Cette remarque iconoclaste éclaire le soubassement de notre « romantisme de la chute », de notre « déclinologie » à nous, le corollaire de ce qu’est aux Etats-Unis l’invraisemblable haine contre un Obama déterminé à ce que l’Etat garantisse un droit universel à la santé. Comme si une dose de protection allait tuer à jamais le self-government. Le corollaire ici, c’est la déliaison sociale imputée au retrait de l’Etat, prélude à la fin de la société, abandonnant l’individu à lui même. Non, dit Ehrenberg, « montée de l’individualisme » n’équivaut pas à « affaiblissement du lien social ». Ce qui est vu comme une montée de l’individualisme traduit « un nouveau régime de tension entre déliaison et liaison sociale », dans lequel les valeurs de l’interdépendance sociale sont subordonnées à celles de l’indépendance des individus.

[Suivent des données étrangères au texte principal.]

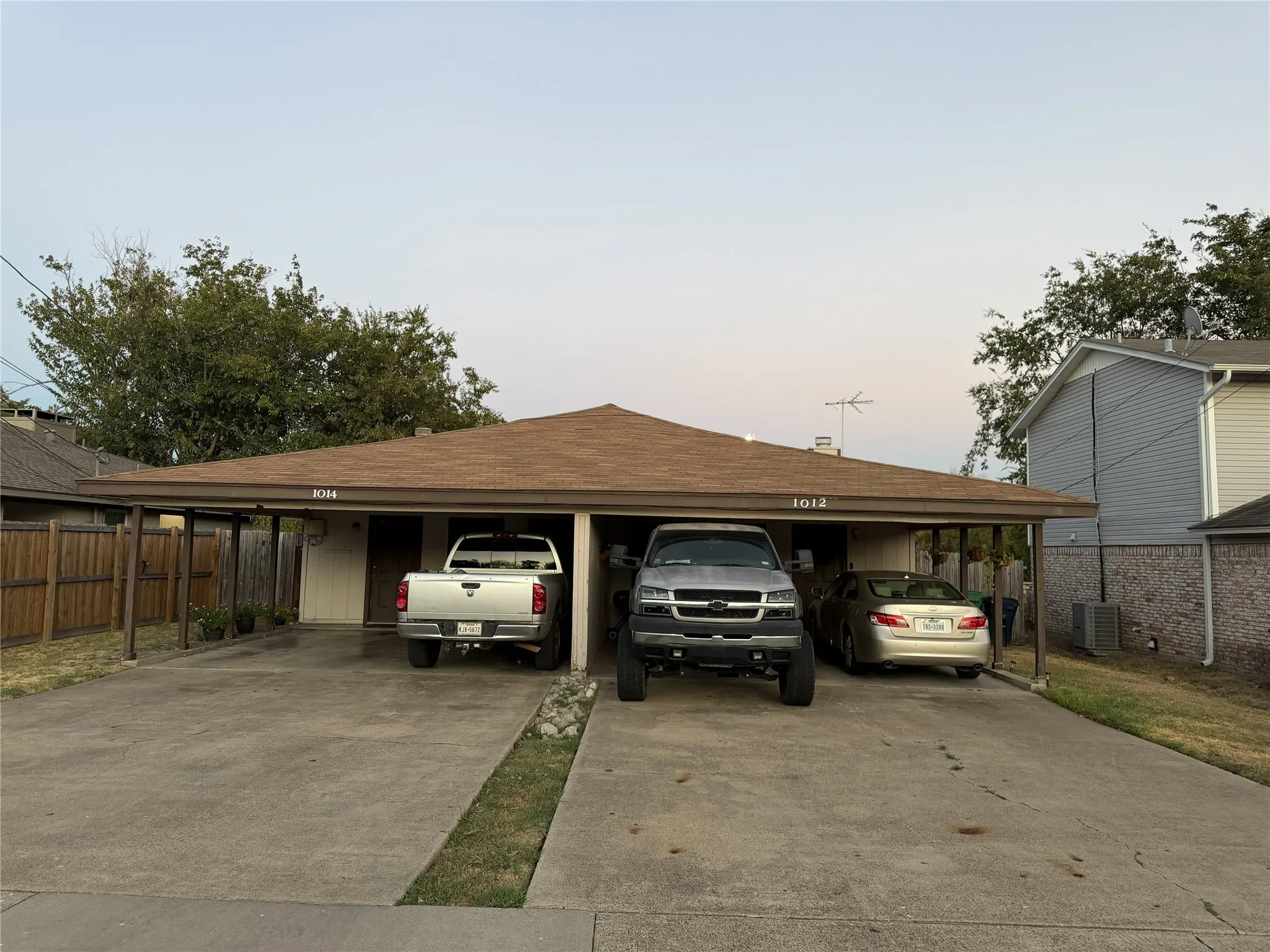 Duplex property featuring a hip roof, two dedicated carport spaces, and a concrete driveway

La période actuelle appelle ici, conclut Alain Ehrenberg, à se saisir de « deux problèmes bien réels ». D’une part, le problème politique de la justice et des inégalités devant l’autonomie, ce qui doit conduire à compléter l’égalité formelle devant la loi par une politique de l’autonomie réelle des individus, et à envisager des dispositifs non seulement protecteurs vis à vis de risques, mais aussi apporteurs de ressources aux individus pour faire face à des opportunités.

D’autre part, le problème sociologique d’institutions faisant référence à la personnalité. Institutions, instituer : l’Etat monopolise l’institutionnalisation. Tout doit-il passer par le haut pour être légitime ? Des formes « intermédiaires » plus tournées vers l’individu ne sont-elles pas à instituer ? Au travail, n’est-ce pas d’acteurs intermédiaires et d’individus acteurs de leur vie dont nous manquons, plus que de nouvelles protections étatiques ?

Dans son mémoire de 1995, Damien Cru1 pose le problème du rapport entre individu et collectif au travail, indiquant : « il y a collectif lorsque plusieurs travailleurs concourent à une œuvre commune dans le respect de règles ».

La règle, explique-t-il, ça n’est pas seulement la référence professionnelle qui définirait la bonne manière de faire dans une situation (les « règles de l’art »), c’est bien autre chose : les règles de métier introduisent la loi au sein du groupe professionnel.

La règle, écrit Damien Cru, libère chacun de la tendance à s’auto-référer et à se replier sur lui-même. Elle organise les relations de coopération en stipulant ce qui y est admis, toléré, autorisé. Elle est la référence autour de laquelle se construit une liberté de chacun dans la façon de faire. Elle est ce qui permet que chaque être ne se sente pas atteint en tant qu’individu privé, car elle vise chacun en tant que rôle social. Elle constitue la personne, « per-sona », nous rappelle Damien Cru, c’est à dire le masque : peu importe celui qui le porte, l’important, c’est ce que le masque représente. Ce qui est antinomique à « collectif », conclut-il, ça n’est pas « individuel » : c’est le groupe sans loi, sans règle.

Ce dont nous manquons, ça n’est pas d’une résurrection collective ou du retour d’on ne sait quel collectif de travail, mais d’une institution des métiers et de leurs règles. En tissant des fils originaux entre des domaines souvent disjoints, Alain Ehrenberg nous aide puissamment à sortir d’une pensée fossilisée et à frayer un chemin balisé par quelques petits cailloux épars, à élargir une perspective selon laquelle la question dite de l’organisation du travail pourrait bien renaître sous la forme de nouvelles formes d’institution de l’individu au travail.

1 : Damien Cru, « Règles de métier, langue de métier : dimension symbolique au travail et démarche participative de prévention » Mémoire d’ Ecole Pratique des Hautes Etudes, juin 1995.